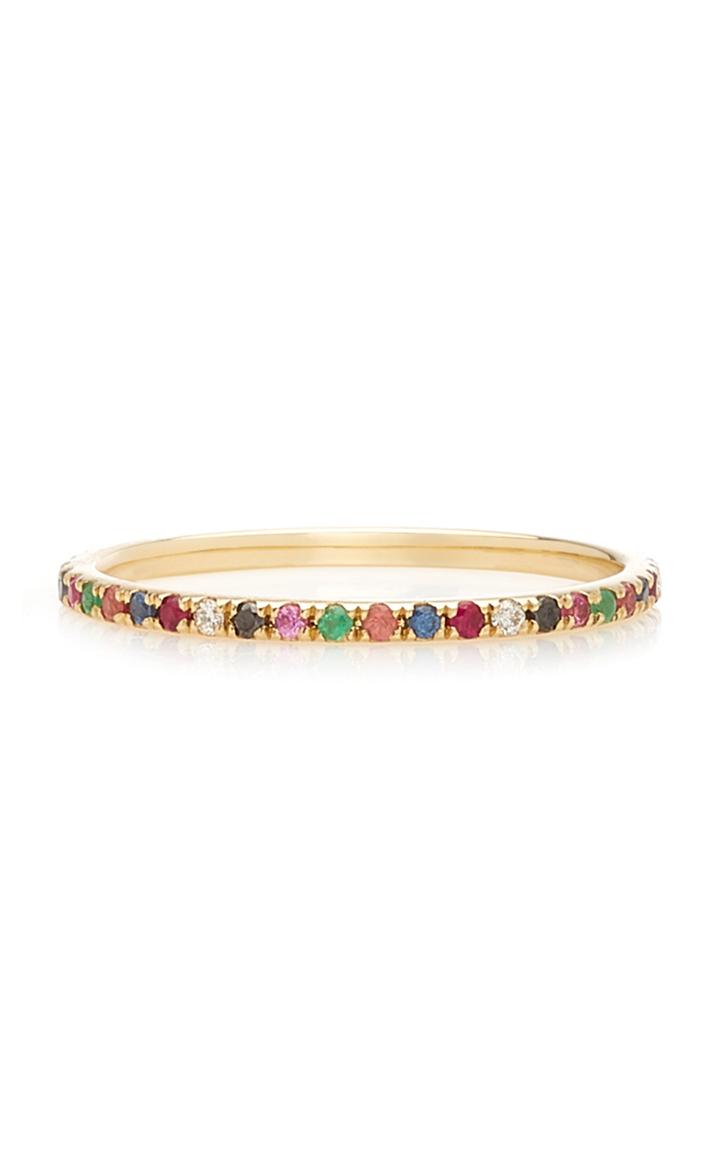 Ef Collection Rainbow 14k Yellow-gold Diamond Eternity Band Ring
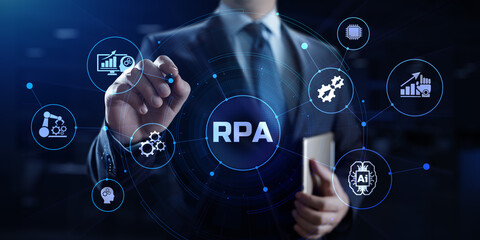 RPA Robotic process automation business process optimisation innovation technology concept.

____________

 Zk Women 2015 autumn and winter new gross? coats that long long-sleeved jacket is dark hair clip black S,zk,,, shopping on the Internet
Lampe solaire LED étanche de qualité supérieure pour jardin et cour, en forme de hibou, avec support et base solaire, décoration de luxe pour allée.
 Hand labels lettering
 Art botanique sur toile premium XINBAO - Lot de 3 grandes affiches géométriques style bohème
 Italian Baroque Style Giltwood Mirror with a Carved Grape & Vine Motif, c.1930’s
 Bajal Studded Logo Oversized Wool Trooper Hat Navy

____________

Above are the records; copy from them only the lines starting at the one containing "Ef Collection Rainbow" and ending at the one containing "RPA Robotic process", exactly and without pictures.

> Answer to this exercise:
 Ef Collection Rainbow 14k Yellow-gold Diamond Eternity Band Ring
 RPA Robotic process automation business process optimisation innovation technology concept.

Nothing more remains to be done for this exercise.